SAN FRANCISCO — A trial over whether Elon Musk should be liable for tweeting in 2018 about financing for a buyout of Tesla Inc neared its end on Friday, with a lawyer for unhappy shareholders saying the billionaire was not above the law and Musk’s lawyer saying his client was not a “tweeting monster.”
Shareholders accused the Tesla chief executive of misleading them on Aug. 7, 2018, by tweeting that he was considering taking the electric car maker private at $420 per share and had “funding secured.”
The price was a 23% premium to Tesla’s last closing price, valuing the company at $72 billion.
Shareholders also accused Musk of lying when he tweeted later that day that “investor support is confirmed.”
With Musk looking on in a San Francisco federal courtroom, the shareholders’ lawyer Nicholas Porritt said “this case ultimately is about whether rules that apply to everyone else should also apply to Elon Musk,” the world’s second-richest person.
Musk’s lawyer Alex Spiro countered that funding was “not an issue” for a Tesla buyout, saying his client was not the “rich liar” and “fire breathing, tweeting monster” that he said the shareholder lawyers tried to portray.
“This isn’t the ‘bad tweeter’ trial,” Spiro, who also represents Tesla, said in his closing argument.
The trial is a test of whether the billionaire CEO can be held liable for his sometimes impulsive use of Twitter.
A jury of nine will decide whether Musk’s tweets artificially inflated Tesla’s share price by playing up the status of funding for the deal, and if so, by how much.
Investors are seeking billions of dollars in damages from Musk, Tesla and several of the company’s directors.
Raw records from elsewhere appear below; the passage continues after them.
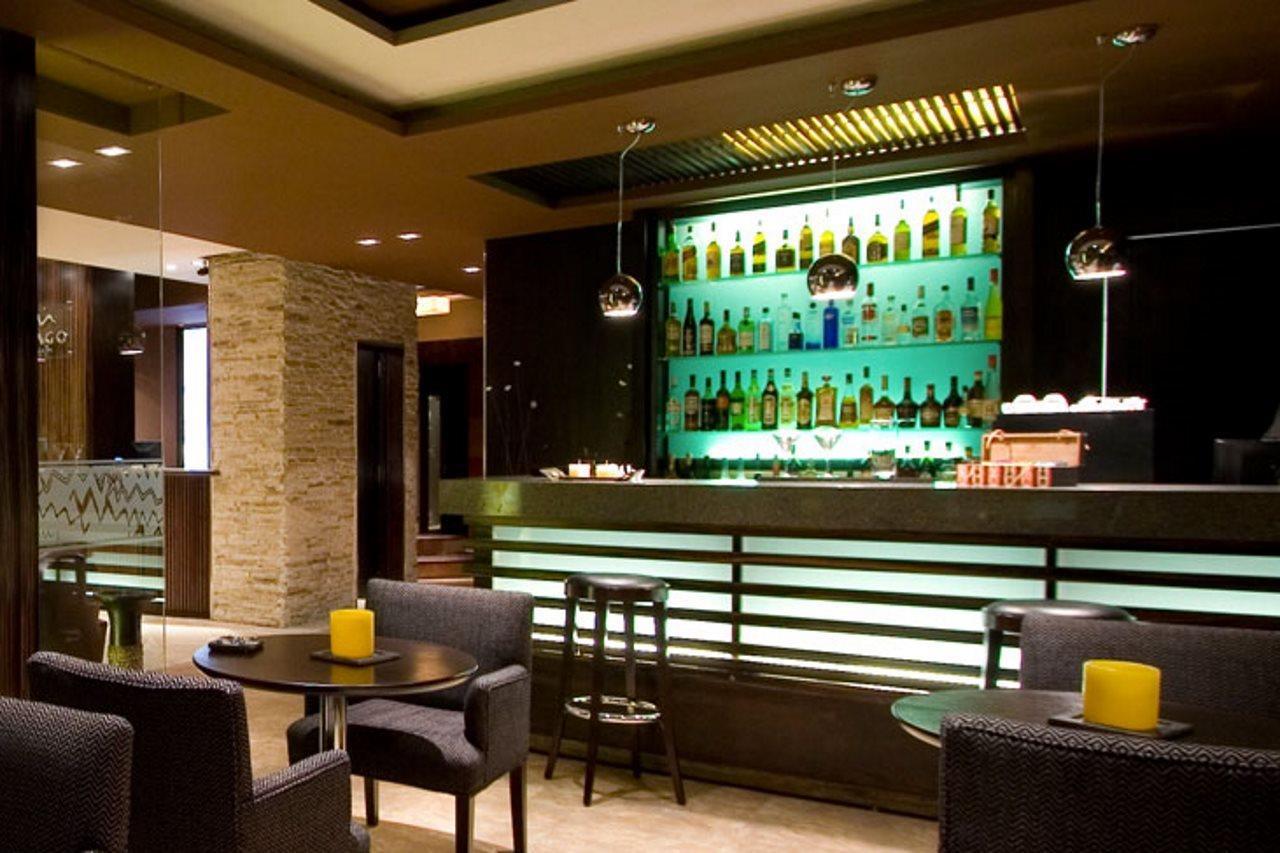 Imago Hotel & Spa El Calafate Luaran gambar
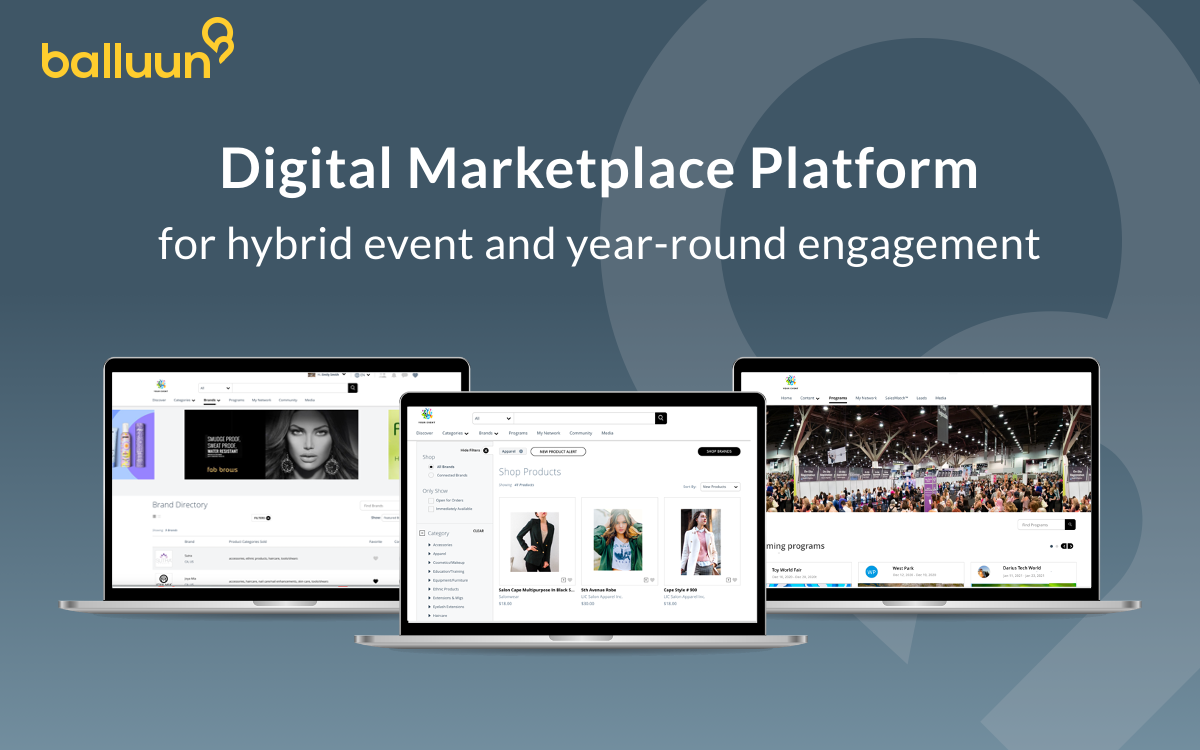 Digital Strategy for Event Organizers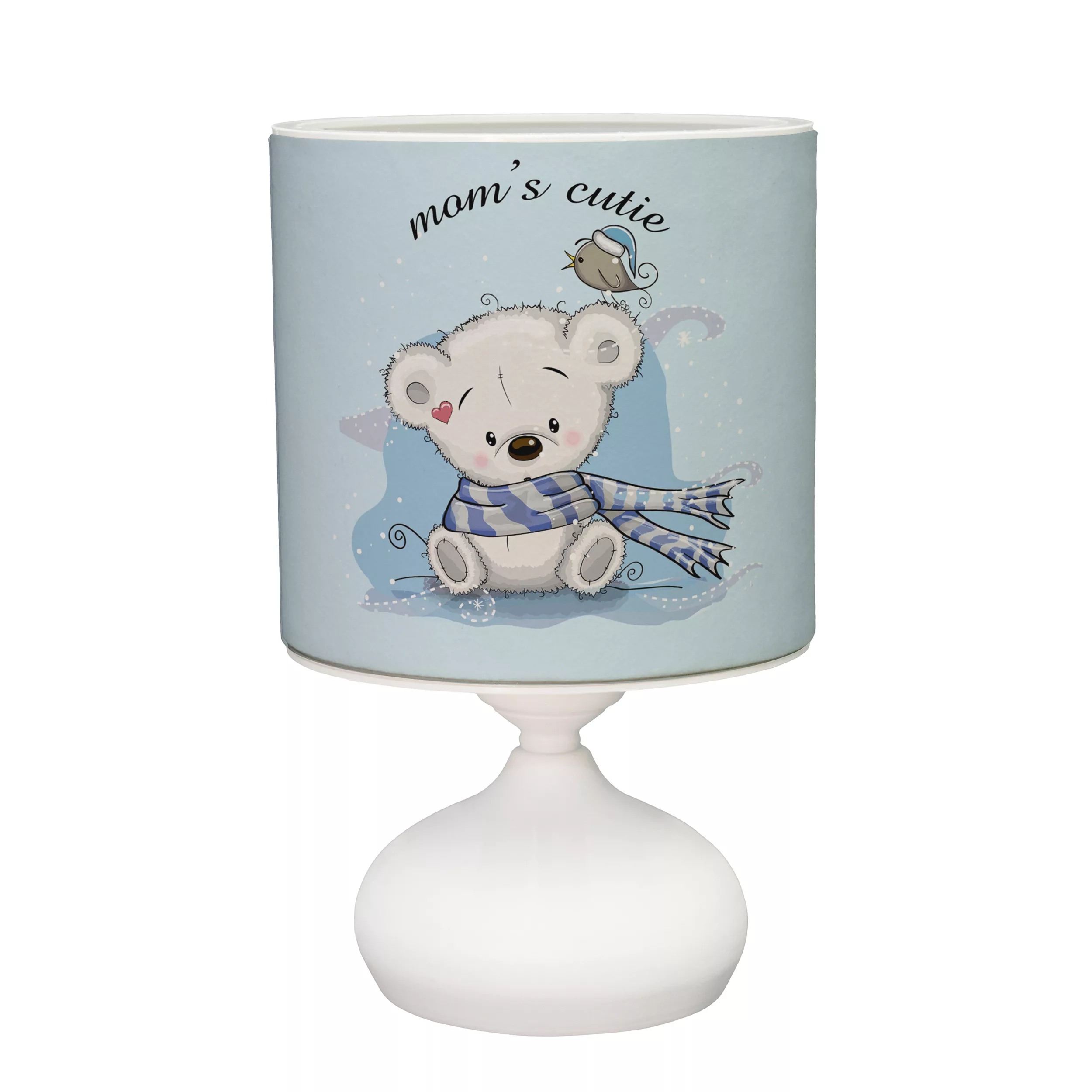 آباژور کودک مامز کیوتی مدل A-51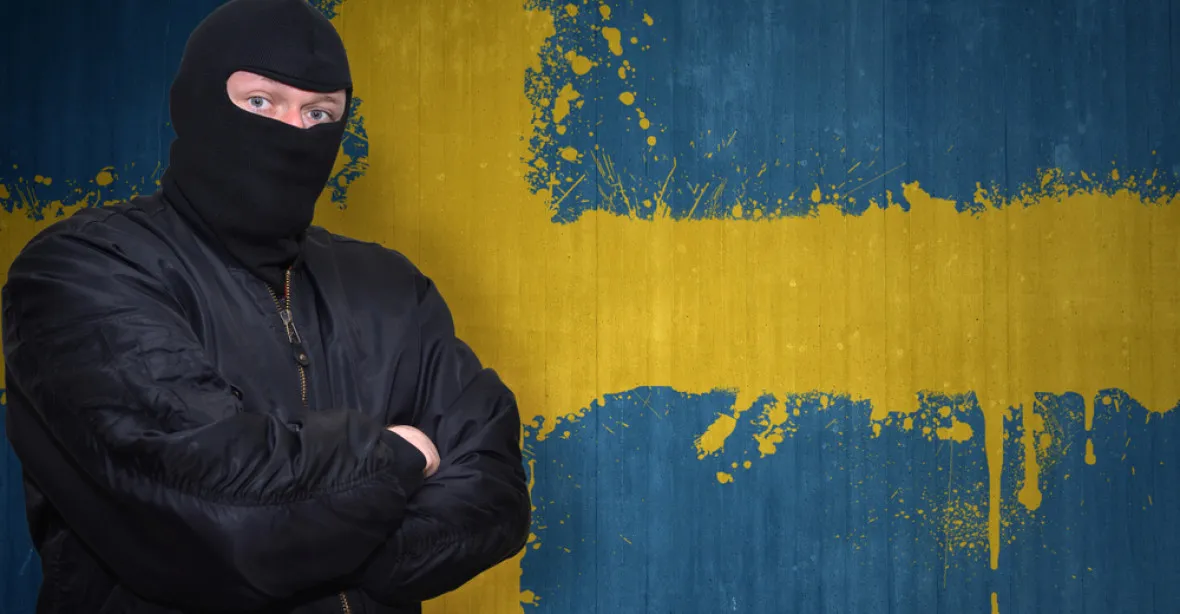 Švédská kontrarozvědka: V zemi jsou tisíce islámských extrémistů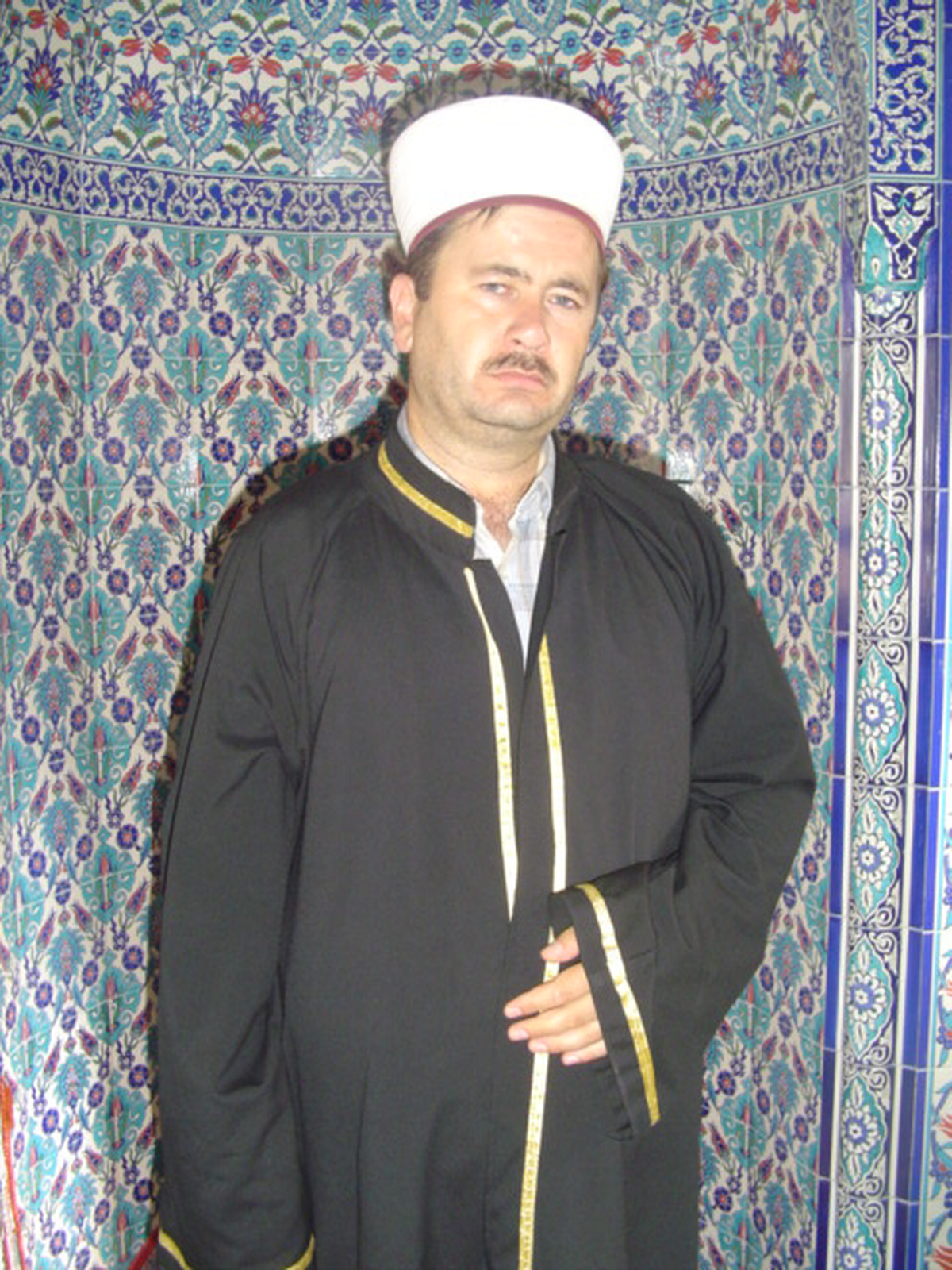 Şair İmam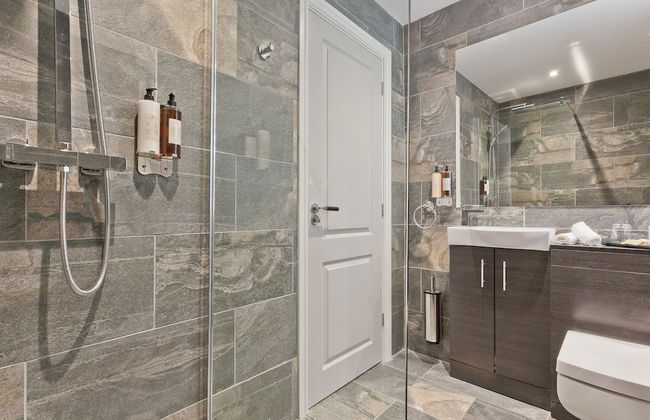 The Mews Boutique Apartments - Foto 24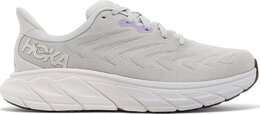 Hoka Кроссовки Wmns Arahi 6 'Harbor Mist Silver', серый 1123195 hmsl | grey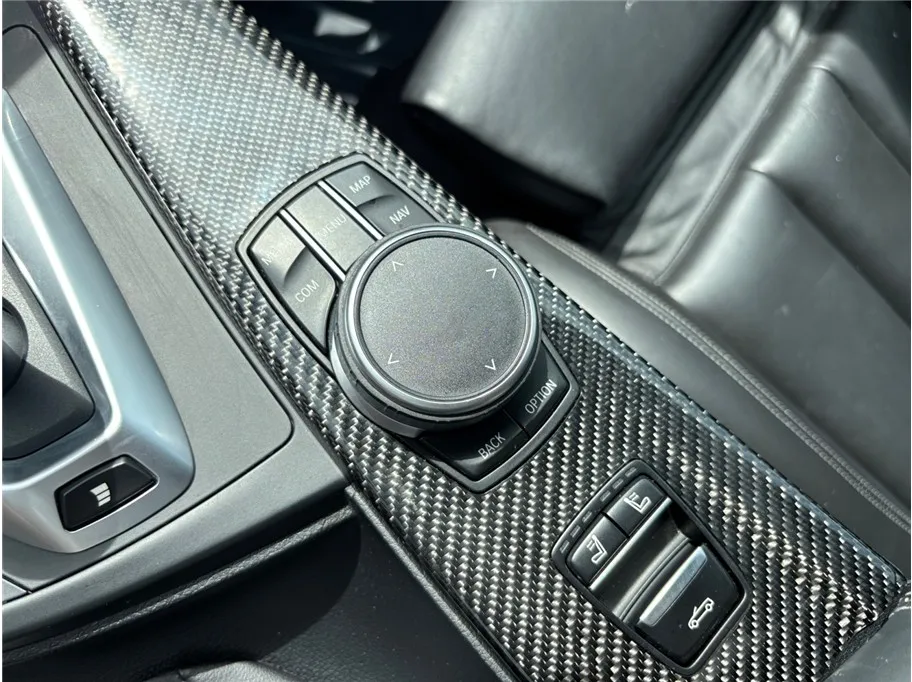 2020 BMW M4 Convertible Base - Photo 39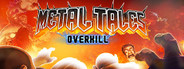Metal Tales: Overkill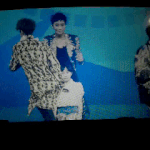 [EXO] 어린애앞에서 골반튕긴게 <b>민망</b>한루한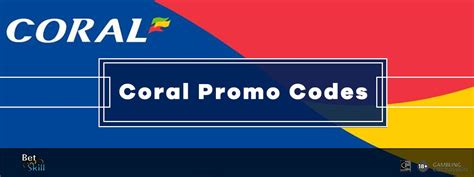 Coral promo code  GET COUPON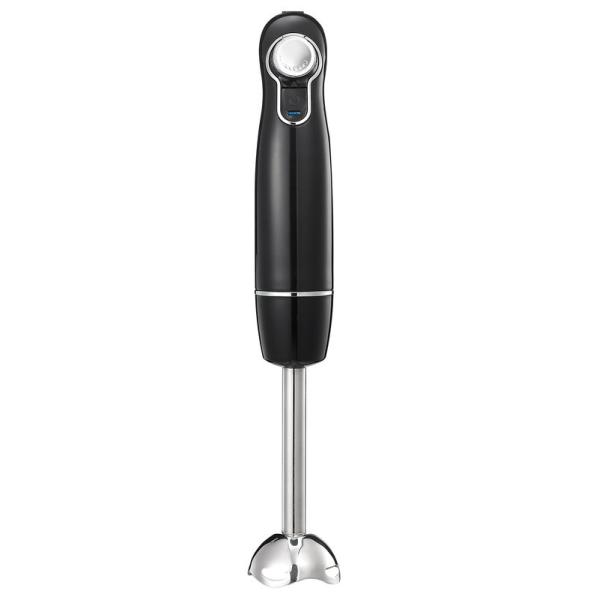 Hb107 700w Multi-use Immersion Blender Slim Hand Blender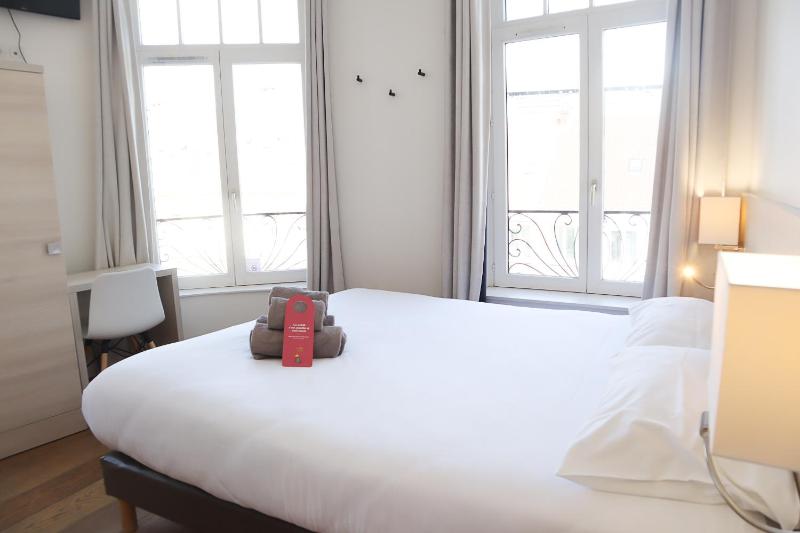 HOTEL AMBASSADEUR - image 16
WHEN ELON TWEETS, PEOPLE LISTEN
Porritt told jurors that Tesla should be liable because it let Musk use Twitter to disseminate corporate information, and recognized that “when Elon tweets about Tesla, people listen.”
Tesla’s share price traded above where it had been before Musk’s tweets for much of the 10-day period covered by the lawsuit, but fell as it became clear no buyout would happen.
Spiro rejected shareholders’ claim that some of that decline stemmed from an Aug. 17, 2018, New York Times story questioning the funding.
He said the decline was prompted by concern about Musk’s health, from the stress of trying to build more Tesla Model 3 sedans.
He also said the “funding secured” tweet was “technically inaccurate” but not fraudulent.
“Who cares about bad word choice?” Spiro said. “Just because it’s a bad tweet doesn’t make it fraud.”
During the three-week trial, jurors heard testimony from witnesses including Tesla directors, Musk’s financial advisers and Musk himself.
Musk testified that he had lined up financing, including a verbal commitment from Saudi Arabia’s sovereign wealth fund, and could have used his stake in SpaceX – a rocket company of which he is also CEO – to fund a deal, but admitted he lacked specific commitments from potential backers.
Porritt tried to highlight the lack of written evidence that funding was available. “Does that sound even remotely credible?” he said.
The defense has also said that in tweeting, Musk was focused on making sure small shareholders had the same information as large investors who knew about the potential buyout. (Reporting by Jody Godoy in California and Hyun Joo Jin in San Francisco Editing by Noeleen Walder and Matthew Lewis)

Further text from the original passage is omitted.